= Quil (instruction set architecture) =

Quantum instruction set architecture

Quil is a quantum instruction set architecture that first introduced a shared quantum/classical memory model. It was introduced by Robert Smith, Michael Curtis, and William Zeng in A Practical Quantum Instruction Set Architecture. Many quantum algorithms (including quantum teleportation, quantum error correction, simulation, and optimization algorithms) require a shared memory architecture.

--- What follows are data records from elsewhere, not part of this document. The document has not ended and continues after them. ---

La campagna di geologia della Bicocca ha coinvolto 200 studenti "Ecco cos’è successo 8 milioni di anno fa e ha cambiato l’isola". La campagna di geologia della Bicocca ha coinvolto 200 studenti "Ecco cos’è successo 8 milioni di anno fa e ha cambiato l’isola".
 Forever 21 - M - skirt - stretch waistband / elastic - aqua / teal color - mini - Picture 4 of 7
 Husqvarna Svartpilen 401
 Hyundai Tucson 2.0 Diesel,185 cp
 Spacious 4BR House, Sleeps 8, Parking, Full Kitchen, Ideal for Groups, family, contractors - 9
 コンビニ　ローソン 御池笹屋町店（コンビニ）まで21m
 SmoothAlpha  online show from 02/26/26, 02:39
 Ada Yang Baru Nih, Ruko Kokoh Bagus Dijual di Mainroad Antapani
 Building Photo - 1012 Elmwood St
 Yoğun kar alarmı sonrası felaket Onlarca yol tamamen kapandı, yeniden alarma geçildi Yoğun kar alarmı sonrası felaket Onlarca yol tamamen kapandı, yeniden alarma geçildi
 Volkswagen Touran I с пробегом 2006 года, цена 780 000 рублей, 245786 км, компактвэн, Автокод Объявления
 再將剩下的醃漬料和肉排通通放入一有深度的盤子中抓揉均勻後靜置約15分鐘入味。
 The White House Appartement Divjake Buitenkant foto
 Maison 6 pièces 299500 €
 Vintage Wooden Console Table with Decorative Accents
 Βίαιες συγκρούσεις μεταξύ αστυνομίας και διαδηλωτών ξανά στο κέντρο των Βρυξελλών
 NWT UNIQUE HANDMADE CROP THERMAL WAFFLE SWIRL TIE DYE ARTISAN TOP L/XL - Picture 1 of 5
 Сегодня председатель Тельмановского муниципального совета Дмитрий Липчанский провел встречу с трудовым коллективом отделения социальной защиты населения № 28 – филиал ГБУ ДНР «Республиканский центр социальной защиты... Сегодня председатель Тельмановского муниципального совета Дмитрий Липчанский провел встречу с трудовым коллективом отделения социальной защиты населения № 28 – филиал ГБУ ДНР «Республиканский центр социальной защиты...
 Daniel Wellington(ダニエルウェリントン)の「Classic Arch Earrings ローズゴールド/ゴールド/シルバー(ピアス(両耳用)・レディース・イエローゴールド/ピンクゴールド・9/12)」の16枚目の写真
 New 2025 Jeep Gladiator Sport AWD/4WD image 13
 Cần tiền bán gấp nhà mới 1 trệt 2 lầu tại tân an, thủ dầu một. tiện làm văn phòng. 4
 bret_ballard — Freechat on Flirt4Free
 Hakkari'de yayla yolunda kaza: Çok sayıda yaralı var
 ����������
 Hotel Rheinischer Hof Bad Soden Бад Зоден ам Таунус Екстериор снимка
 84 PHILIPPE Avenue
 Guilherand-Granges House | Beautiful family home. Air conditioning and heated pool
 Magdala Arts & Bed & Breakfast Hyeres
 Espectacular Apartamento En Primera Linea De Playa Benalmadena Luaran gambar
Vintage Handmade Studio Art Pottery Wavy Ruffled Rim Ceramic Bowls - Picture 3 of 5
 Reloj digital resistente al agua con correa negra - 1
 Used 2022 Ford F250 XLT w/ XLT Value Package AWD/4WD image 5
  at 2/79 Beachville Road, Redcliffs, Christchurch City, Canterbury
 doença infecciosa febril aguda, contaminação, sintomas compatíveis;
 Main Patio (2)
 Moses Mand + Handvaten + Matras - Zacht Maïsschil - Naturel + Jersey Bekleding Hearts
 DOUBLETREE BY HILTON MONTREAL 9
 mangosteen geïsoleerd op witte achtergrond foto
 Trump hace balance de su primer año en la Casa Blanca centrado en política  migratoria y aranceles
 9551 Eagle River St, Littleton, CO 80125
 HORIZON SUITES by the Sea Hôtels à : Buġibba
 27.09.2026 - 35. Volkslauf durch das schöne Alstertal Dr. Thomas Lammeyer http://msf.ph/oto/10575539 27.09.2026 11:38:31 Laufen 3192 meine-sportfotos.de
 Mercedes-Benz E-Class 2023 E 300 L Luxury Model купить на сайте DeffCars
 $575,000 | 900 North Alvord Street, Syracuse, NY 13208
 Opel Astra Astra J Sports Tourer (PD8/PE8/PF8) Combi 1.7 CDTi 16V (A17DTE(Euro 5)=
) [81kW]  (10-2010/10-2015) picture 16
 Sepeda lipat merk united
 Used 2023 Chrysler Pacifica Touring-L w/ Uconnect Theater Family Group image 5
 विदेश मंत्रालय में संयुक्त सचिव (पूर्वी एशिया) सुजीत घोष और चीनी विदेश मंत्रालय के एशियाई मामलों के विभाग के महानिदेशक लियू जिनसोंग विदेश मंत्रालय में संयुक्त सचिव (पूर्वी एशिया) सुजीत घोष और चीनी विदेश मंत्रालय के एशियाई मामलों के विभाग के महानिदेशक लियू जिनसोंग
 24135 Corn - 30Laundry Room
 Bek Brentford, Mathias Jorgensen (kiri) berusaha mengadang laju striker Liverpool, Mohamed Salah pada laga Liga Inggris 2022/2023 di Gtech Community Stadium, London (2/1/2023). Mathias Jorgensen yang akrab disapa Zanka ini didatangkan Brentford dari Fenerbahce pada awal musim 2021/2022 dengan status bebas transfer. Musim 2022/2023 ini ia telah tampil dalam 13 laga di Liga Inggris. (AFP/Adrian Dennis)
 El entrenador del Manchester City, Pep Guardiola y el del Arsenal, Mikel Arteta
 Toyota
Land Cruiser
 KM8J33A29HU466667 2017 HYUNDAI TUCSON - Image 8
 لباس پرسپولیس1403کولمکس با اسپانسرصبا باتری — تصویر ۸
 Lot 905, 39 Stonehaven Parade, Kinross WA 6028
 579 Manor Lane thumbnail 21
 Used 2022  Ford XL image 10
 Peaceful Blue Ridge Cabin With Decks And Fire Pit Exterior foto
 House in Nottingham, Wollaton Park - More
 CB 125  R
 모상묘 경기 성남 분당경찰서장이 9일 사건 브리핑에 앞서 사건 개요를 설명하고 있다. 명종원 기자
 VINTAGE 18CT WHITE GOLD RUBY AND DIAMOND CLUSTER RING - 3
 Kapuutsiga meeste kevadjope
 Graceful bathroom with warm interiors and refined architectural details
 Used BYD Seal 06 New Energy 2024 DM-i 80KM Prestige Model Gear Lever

Quil is being developed for the superconducting quantum processors developed by Rigetti Computing through the Forest quantum programming API. A Python library called pyQuil was introduced to develop Quil programs with higher level constructs. A Quil backend is also supported by other quantum programming environments.

== Underlying quantum abstract machine ==
In the paper presented by Smith, Curtis and Zeng, Quil specifies the instruction set for a Quantum Abstract Machine (QAM,) akin to a Turing machine, yet more practical for accomplishing "real-world" tasks. The state of the QAM can be represented as a 6-tuple $(|\Psi\rangle, C, G, G', P, \kappa)$ where:

- $|\Psi\rangle$ is the (quantum) state of a fixed but arbitrary number of qubits $N_q$ indexed using a 0-based indexing.
- $C$ is a classical memory of a number $N_c$ of classical bits indexed using a 0-based indexing.
- $G$ a fixed but arbitrary list of static gates (quantum gates that do not depend on parameters, like the Hadamard gate.)
- $G'$ a fixed but arbitrary list of parametric gates (gates that depend on a number of complex parameters like the phase shift gate that requires an angle parameter to be completely defined.)
- $P$ a sequence of Quil instructions to be executed, representing the program. The length of $P$ is denoted by $|P|$.
- $\kappa$ an integer program counter pointing to the next instruction to be executed. $\kappa$ always starts at 0 (pointing to the $0^{th}$ instruction) and ends at $|P|$ indicating program halting (note that the last instruction has the index $|P| - 1$.) The program counter is incremented after every instruction, except for special control flow instructions (conditional and unconditional jumps, and the special HALT instruction that halts the program by setting $\kappa$ to $|P|$.

The semantics of the QAM are defined using tensor products of Hilbert spaces and the linear maps between them.

== Features ==
Quil has support for defining possibly parametrized gates in matrix form (the language does not include a way to verify that the matrices are unitary, which is a necessary condition for the physical realizability of the defined gate) and their application on qubits. The language also supports macro-like definitions of possibly parametrized quantum circuits and their expansion, qubit measurement and recording of the outcome in classical memory, synchronization with classical computers with the WAIT instruction which pauses the execution of a Quil program until a classical program has ended its execution, conditional and unconditional branching, pragma support, as well as inclusion of files for use as libraries (a standard set of gates is provided as one of the libraries.)

== Rigetti QVM ==
Rigetti Computing developed a quantum virtual machine in Common Lisp that simulates the defined Quantum Abstract Machine on a classical computer and is capable of the parsing and execution of Quil programs with possibly remote execution via HTTP.

== Example ==
The following example demonstrates the classical control flow needed to do quantum teleportation of the qubit in register 2 to register 1:

1. Declare classical memory
DECLARE ro BIT[2]
1. Create Bell Pair
H 0
CNOT 0 1
1. Teleport
CNOT 2 0
H 2
MEASURE 2 ro[0]
MEASURE 0 ro[1]
1. Classically communicate measurements
JUMP-UNLESS @SKIP ro[1]
X 1
LABEL @SKIP
JUMP-UNLESS @END ro[0]
Z 1
LABEL @END

Examples of the implementations of the quantum Fourier transform and the variational quantum Eigensolver are given in the paper.